Examples of such telescopes include the Fermi Large Area Telescope (LAT) and so called Imaging Atmospheric Cherenkov Telescopes (IACTs) such as the CTAO, H.E.S.S., MAGIC and VERITAS.

From a statistical point of view we can describe this as a sampling process. The brightness of the sky is a continuous field or probability density function in space, time and energy and we draw individual samples from it with our telescopes. However the measurement process itself introduces additional uncertainties and artifacts. We are going to mimic this process in a simple toy model using Numpy to learn more about and illustrate the statistical properties of gamma-ray data.

Poisson Distribution

First we import Numpy and initialize the random number generator, which is the best practice to ensure reproducibility of the results:

import numpy as np

random_state = np.random.RandomState(2311)

We start with a very simple scenario: we have a detector that can detect individual photons and measure their position. However the sky we are looking at has the same brightness everywhere. This means that the probability of detecting a photon at any given position is the same. So we can just draw the x and y coordinates for each photon from a uniform distribution. In total we will draw one million photons:

n_photons_total = 1_000_000
x_max, y_max = (333, 500)

x = random_state.uniform(0, x_max, size=n_photons_total)
y = random_state.uniform(0, y_max, size=n_photons_total)

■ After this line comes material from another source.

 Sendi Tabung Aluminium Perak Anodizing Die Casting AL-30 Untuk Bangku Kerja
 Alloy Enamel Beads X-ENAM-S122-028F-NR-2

We have chosen a somewhat arbitrary maximum values of x_max=500 and y_max=333. Basically because we will work with another example image later which has exactly this size in pixels. However this image defines now our coordinate system. The arrays x and y just correspond the position of the photon event in the image in pixel coordinates. It is important to keep in mind that by convention Numpy uses the top left corner as the origin of the coordinate system and the x-axis points to the right and the y-axis points down. This is the opposite of the usual convention in astronomy where the origin is in the lower left of the image and the x-axis points to the right and the y-axis points up. We will stick to the Numpy convention.

So the arrays x and y just correspond the position of the photon event in the image given in pixel coordinates:

with np.printoptions(precision=2, suppress=True):
    print(f"x coords: {x}")
    print(f"y coords: {y}")

x coords: [107.08 281.72  72.85 ... 247.55 152.44  56.21]
y coords: [362.52 392.39 301.93 ... 324.83  27.02 355.68]

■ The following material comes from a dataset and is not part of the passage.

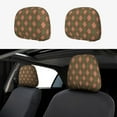 thumbnail image 1 of Uemuo Green and Squares Printed 2 PCS Car All-Inclusive Headrest Cover, Headrest Protector, Soft Elastic Breathable Seat Headrest Anti-Dirty Cover Headrest Cover Protector, 1 of 6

Now we can easily convert this to an image again, just by counting the number of photons in each pixel. For this we rely on np.histogram2d:

from matplotlib import pyplot as plt

bins = np.arange(0, x_max + 1) - 0.5, np.arange(0, y_max + 1) - 0.5
counts = np.histogram2d(x, y, bins=bins)[0]

ax = plt.subplot(111)
ax.imshow(counts, cmap="viridis")
ax.axis("off");

png

There is one detail in the definition of the histogram bins: we have to define the "edges" of the pixels. By convention the pixel centers are at integer coordinates, so the edges are at half integer coordinates. This is why we have to add 0.5 to the bin definitions and need to use one additional value. As an image of N pixels in a row or column will have N + 1 edges in the respective direction. The resulting image is a 2D histogram of the photon positions, counting how many photons fall into each pixel defined by its edge coordinates.

This histogram is often called a "counts" image. In this case the image essentially just contains noise. While the image looks rather boring, we can still extract some interesting statistics from it. For this we can count the number of occurrences of a given pixel value. This means how many pixels have 0 photons, how many have 1 photon, how many have 2 photons, and so on. For this we can rely on the np.unique function:

x_value, value = np.unique(counts, return_counts=True)

Let's visualize this as a histogram:

ax = plt.subplot(111)
x = np.linspace(0, 20, 100)

ax.bar(x_value, value / value.sum(), label="Data", alpha=0.5)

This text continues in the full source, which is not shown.